The incarceration of immigrants has skyrocketed under President Obama, allowing the private prison industry to rake in massive profits by locking up immigrants in facilities where they often face abuse, violence, unsanitary conditions, and lack of proper medical care.

The Department of Justice is phasing out the use of private prisons, saying that they are less safe, less secure, and less effective. But the Department of Homeland Security – which incarcerates immigrants hands out most of the federal government’s contracts to private prison companies – is continuing business as usual.

The DOJ’s decision is important because it shows that the Obama administration is starting to acknowledge that mass incarceration is out of control and that imprisoning people for profit can’t be justified.
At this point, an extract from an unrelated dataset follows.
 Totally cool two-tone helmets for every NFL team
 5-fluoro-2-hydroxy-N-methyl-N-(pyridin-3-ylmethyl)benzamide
But unless we push President Obama to do more, it won’t make a difference for thousands of immigrants locked up in for-profit dungeons.


BREAKING: Federal Bureau of Prisons to end private prison contracts in historic move

The Department of Homeland Security should follow suit and pull out of for-profit contracts for immigrant detention centers, including family detention camps

(AUSTIN, Texas) — Today the Department of Justice (DOJ) announced that it will instruct the Bureau of Prisons (BOP) to phase out private prison contracts with the eventual goal of eliminating their use in the federal prison system.

The BOP will amend an existing solicitation for a prison contracts that was originally for 10,800 beds to no more than 3,600 beds. By May 2017 the total BOP private prison population will be less than 14,200 — a 50 percent reduction from its high in 2013. As contracts come up for renewal over the next five years, the DOJ recommends that the BOP should work to reduce and eliminate more private prison facilities.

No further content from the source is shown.